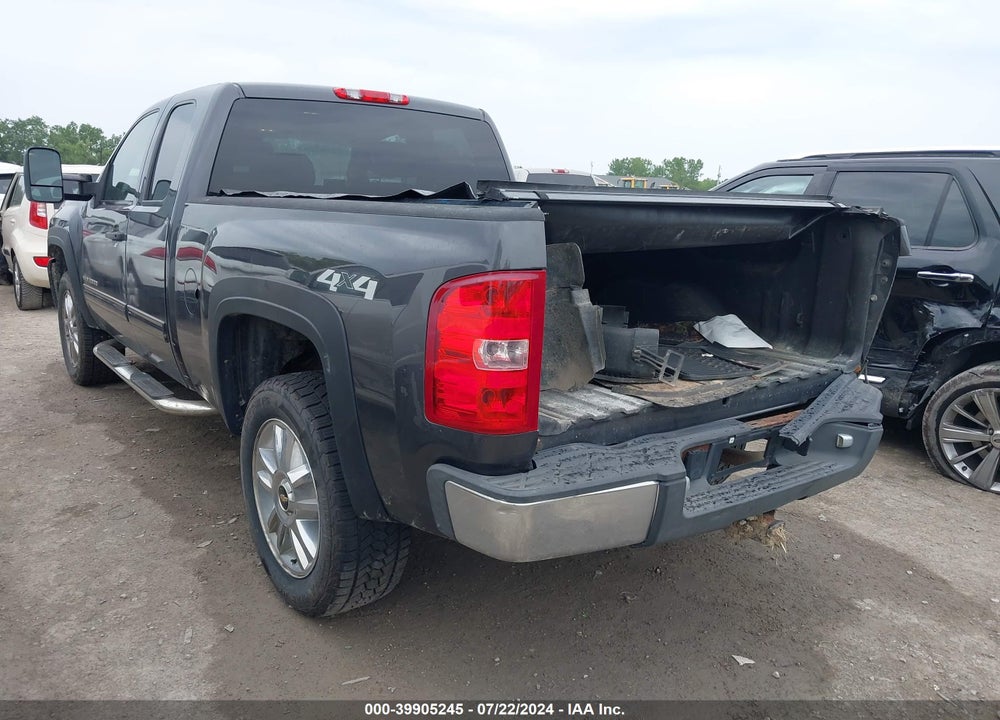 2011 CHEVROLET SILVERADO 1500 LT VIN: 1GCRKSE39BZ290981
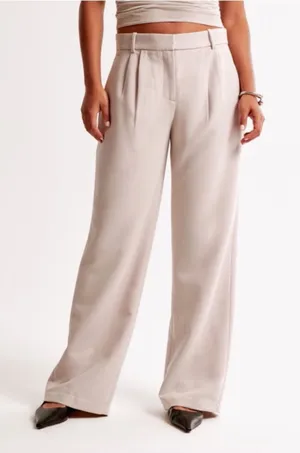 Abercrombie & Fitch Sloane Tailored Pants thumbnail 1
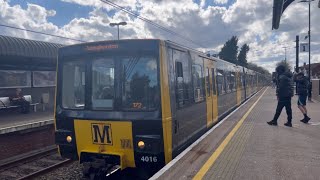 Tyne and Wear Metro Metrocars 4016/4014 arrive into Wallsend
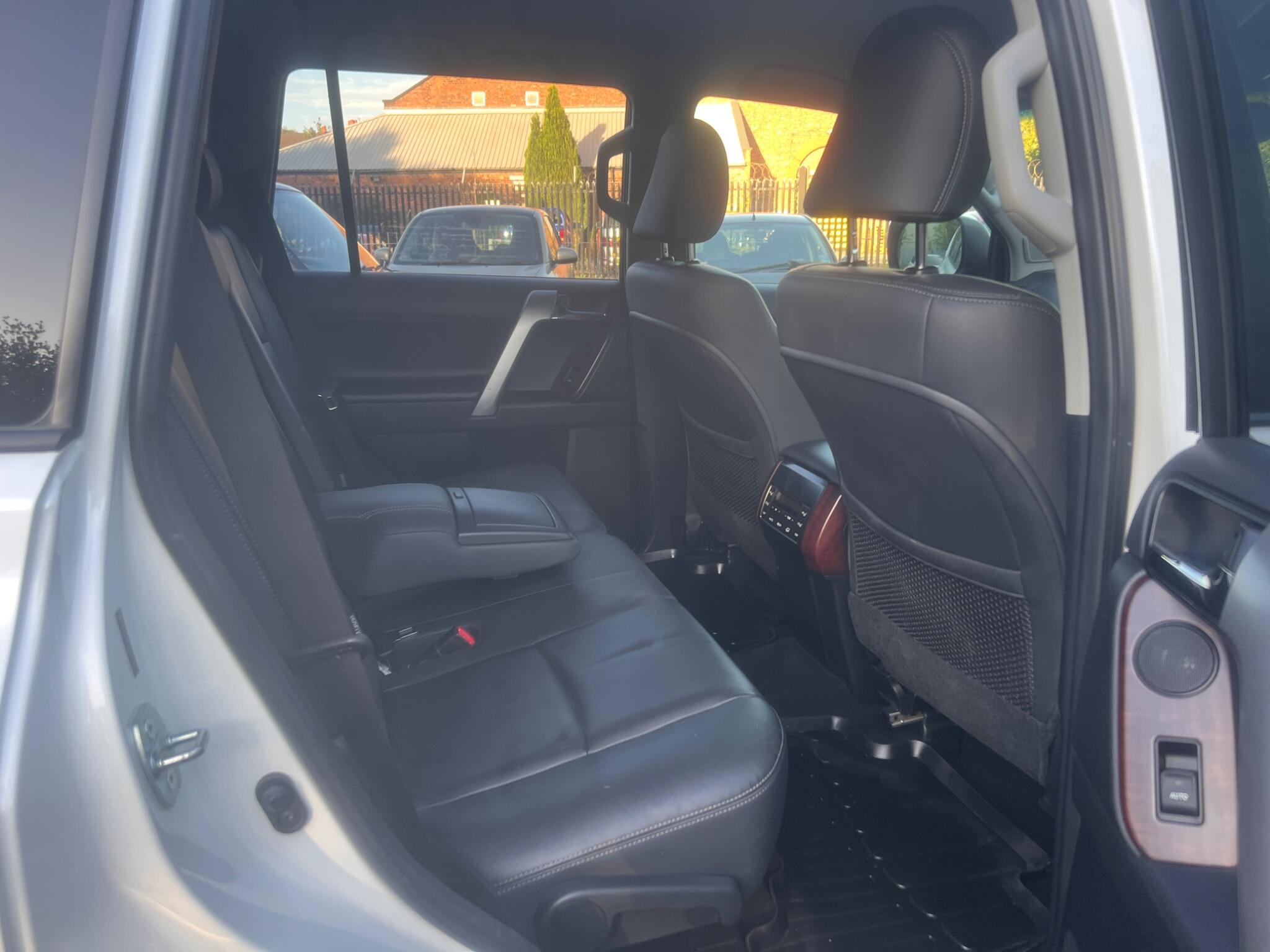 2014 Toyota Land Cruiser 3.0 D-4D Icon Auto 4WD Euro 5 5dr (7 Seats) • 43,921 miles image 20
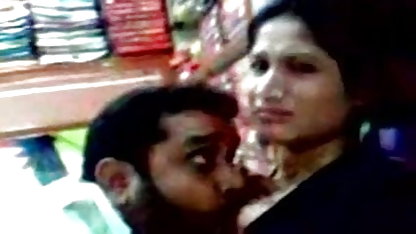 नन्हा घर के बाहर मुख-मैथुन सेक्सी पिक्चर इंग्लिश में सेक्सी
⁂
The whole of the data needs to be copied word for word, though not its pictures.

# [RESULT OF THE EXERCISE]
 2011 CHEVROLET SILVERADO 1500 LT VIN: 1GCRKSE39BZ290981
 Abercrombie & Fitch Sloane Tailored Pants thumbnail 1
 Tyne and Wear Metro Metrocars 4016/4014 arrive into Wallsend
 2014 Toyota Land Cruiser 3.0 D-4D Icon Auto 4WD Euro 5 5dr (7 Seats) • 43,921 miles image 20
 नन्हा घर के बाहर मुख-मैथुन सेक्सी पिक्चर इंग्लिश में सेक्सी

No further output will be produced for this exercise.